INPUT below:
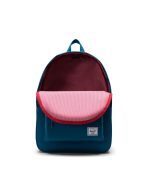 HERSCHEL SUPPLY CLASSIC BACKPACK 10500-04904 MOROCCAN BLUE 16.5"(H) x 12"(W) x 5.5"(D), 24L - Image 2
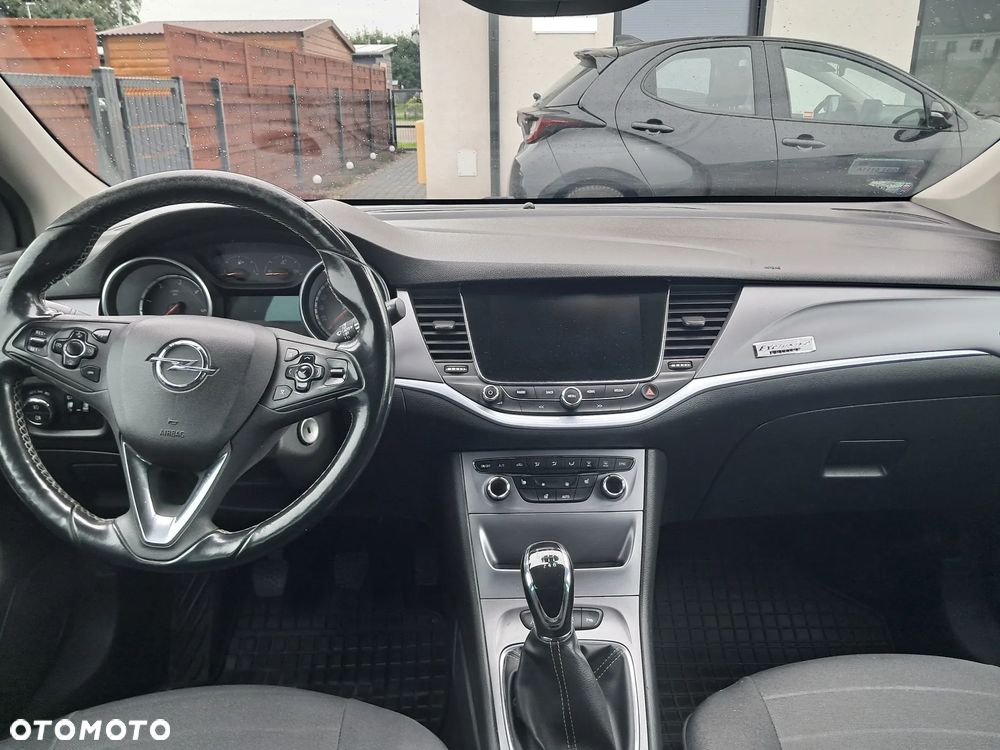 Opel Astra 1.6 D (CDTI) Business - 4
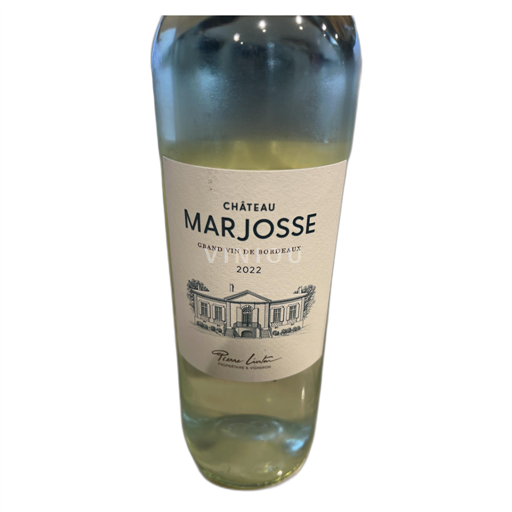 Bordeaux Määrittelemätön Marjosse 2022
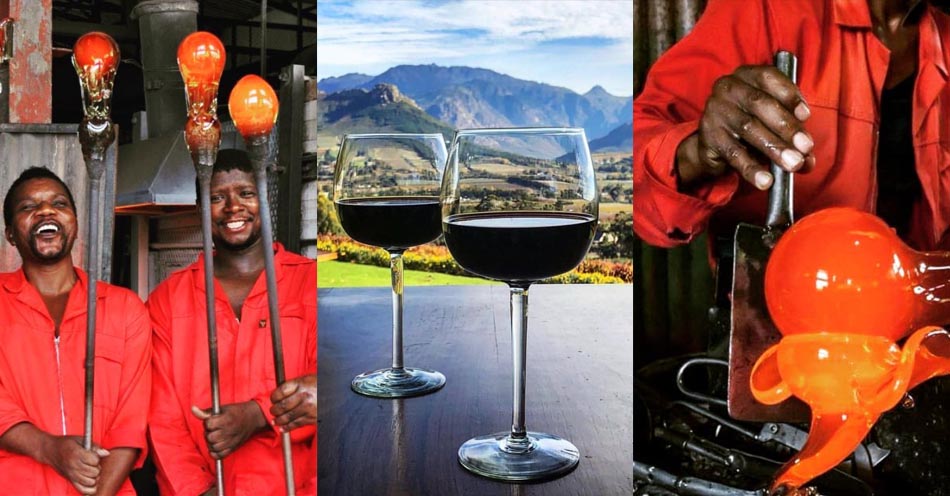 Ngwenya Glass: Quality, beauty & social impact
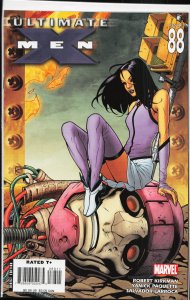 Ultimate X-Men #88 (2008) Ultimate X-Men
End of INPUT.
■ **EXERCISE INSTRUCTIONS**:
Nothing but an exact copy is needed, covering the lines from the line with "Opel Astra 1.6 D (CDTI) Business - 4" through the last line of the entries, pictures excluded.

■ **RESULT BELOW**:
 Opel Astra 1.6 D (CDTI) Business - 4
 Bordeaux Määrittelemätön Marjosse 2022
 Ngwenya Glass: Quality, beauty & social impact
 Ultimate X-Men #88 (2008) Ultimate X-Men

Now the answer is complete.